Why Straight Lines (Probably) Mean AWS Waste

In most cases, healthy AWS workloads have a tell: they’re noisy. Jittery, even. An internal tool sees usage spike during work hours. A retail site costs more in December. A food delivery app has barely any users at 3am.

The key trait is variability. Real usage is uneven because real demand is uneven.

The inverse is also true. When you see a cost line that’s too smooth, steady, and predictable, something is probably wrong. That single observation led me to catch more waste than AWS Trusted Advisor could ever flag.

Pattern 1: Cost Plateaus

A cost line that holds flat, or drifts only when someone manually intervenes, is worth investigating.

Consider why costs would be flat. Regular canary traffic is the only traffic to the service. An ETL job loads the exact same amount of data. S3 is storing objects that aren’t used.

Now, the obvious objection: if you’re running EC2 instances and RDS databases, your costs should be roughly constant. You’re renting virtual servers.

That’s why, in these cases, the cost line alone isn’t enough. Flat costs on a server that you’re actively using look identical to flat costs on a server nobody has touched in a year. You need utilization metrics alongside cost data. An EC2 instance running at 2% CPU for twelve months tells a very different story than one running between 20-60% within a day. Both cost the same.

The $15,000/mo Plateau

I was reviewing cost data across my organization’s AWS accounts. One account stood out: expensive, but stable. Its monthly cost had barely moved in twelve months.

The account turned out to be a shared sandbox. Before our org had personal developer accounts, all consultants shared a single AWS account to test solutions they were working on for clients. Eventually the org launched personal accounts, and everyone migrated. The shared account stayed running.

The costs weren’t perfectly flat, though. Some months, the total dropped to a new, slightly lower plateau, then held there. I dug into it. The org’s security lead had been asked by the director to deprecate the account. She made progress, deleting some resources where she could. But she wasn’t deeply familiar with the technical side of AWS, and she was cautious. She didn’t want to break a live workload if one existed. So she deleted what felt safe and stopped.

This happens too often. Someone identifies potential waste, but they don’t have the technical context to confirm it’s safe to remove. So it stays. The organization knows it might be a problem, but knowing and resolving are two different things. You need someone to trace the dependencies, confirm nothing is live, and actually pull the trigger.

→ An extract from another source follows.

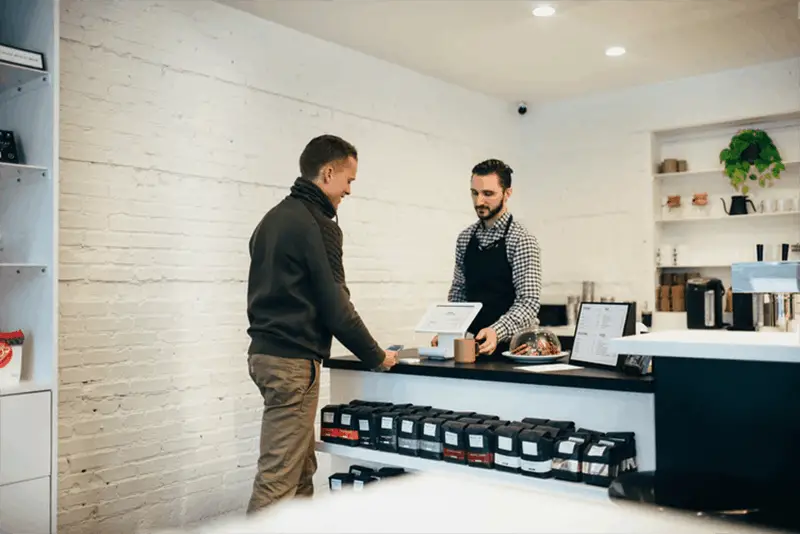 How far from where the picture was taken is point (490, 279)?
352cm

I followed up with everyone who had access to the account. Nobody was running anything on it; they had all migrated out two years before.

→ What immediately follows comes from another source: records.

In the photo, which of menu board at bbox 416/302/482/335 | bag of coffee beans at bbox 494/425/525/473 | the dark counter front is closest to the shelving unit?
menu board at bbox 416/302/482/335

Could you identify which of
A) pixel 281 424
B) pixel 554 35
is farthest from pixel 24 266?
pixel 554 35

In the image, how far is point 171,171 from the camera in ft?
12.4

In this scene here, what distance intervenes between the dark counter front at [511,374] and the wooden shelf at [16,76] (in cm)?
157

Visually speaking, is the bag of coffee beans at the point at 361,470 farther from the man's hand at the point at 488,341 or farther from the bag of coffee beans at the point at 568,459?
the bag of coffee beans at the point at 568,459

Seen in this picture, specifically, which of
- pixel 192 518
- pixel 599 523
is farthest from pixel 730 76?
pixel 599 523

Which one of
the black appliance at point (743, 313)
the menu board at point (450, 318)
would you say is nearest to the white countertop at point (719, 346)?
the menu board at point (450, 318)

The org spent $360,000 on an account that no one was using.

What was left: 30 unused RDS instances, a dozen EC2 instances running, snapshots eating away at dollars, and DynamoDB tables with provisioned capacity that no one was querying. I deleted the remaining resources and the account’s cost dropped to zero.

Pattern 2: Cost Slopes

The flat-line pattern is the easy one. The harder case is a cost line that’s growing, which makes it look alive, like a healthy system under increasing load.

But mind the shape. If the slope is too consistent, you might be looking at a wasteful system.

Some examples I’ve seen: regular canaries creating a mountain of objects in S3, and a Lambda whose cost rises linearly as its underlying database grows.

A common thread between the cost plateau and the cost slope: there should almost always be a fall. A dip in daily cost, in hourly utilization, in the number of new items in the database. If you don’t see a fall, even a momentary one, you’re looking at a red flag.

When the Audit Logs Cost More Than the ETL Job

We had a weekly ETL job that loaded data from S3 into Redshift. The job ran fine. Redshift looked healthy. The QuickSight dashboard it fed into looked perfect. No one had any complaints.

But I noticed that on Sundays, when the Glue ETL job would happen, its cost spiked - as did CloudTrail’s. Those costs kept climbing on a suspiciously consistent trajectory, reaching new heights, at roughly the same delta, week after week. Eventually, CloudTrail costs per week even outpaced Glue’s costs.

The issue was in how the ETL job worked. It wasn’t loading just the last week of new data. Every week, it scanned the entire S3 bucket: all historical data plus whatever had landed in the last week. The bucket grew as new data arrived. So each run touched more objects than the run before: more ListObjects calls, more GetObject calls. Every one of those API calls got logged by CloudTrail. More objects per run meant more CloudTrail events per day, which meant CloudTrail costs rose in lockstep with the bucket’s growth.

The primary services (S3 and Redshift) looked fine. The job completed, the data loaded, nobody noticed anything wrong on QuickSight. The cost signal showing the problem was in a completely different service that nobody was monitoring for that purpose. That’s what makes this pattern dangerous: look for lines, but they might not be where you expect.

The Takeaway

Straight lines should ring alarm bells.

Real workloads are noisy. If yours isn’t, find out why.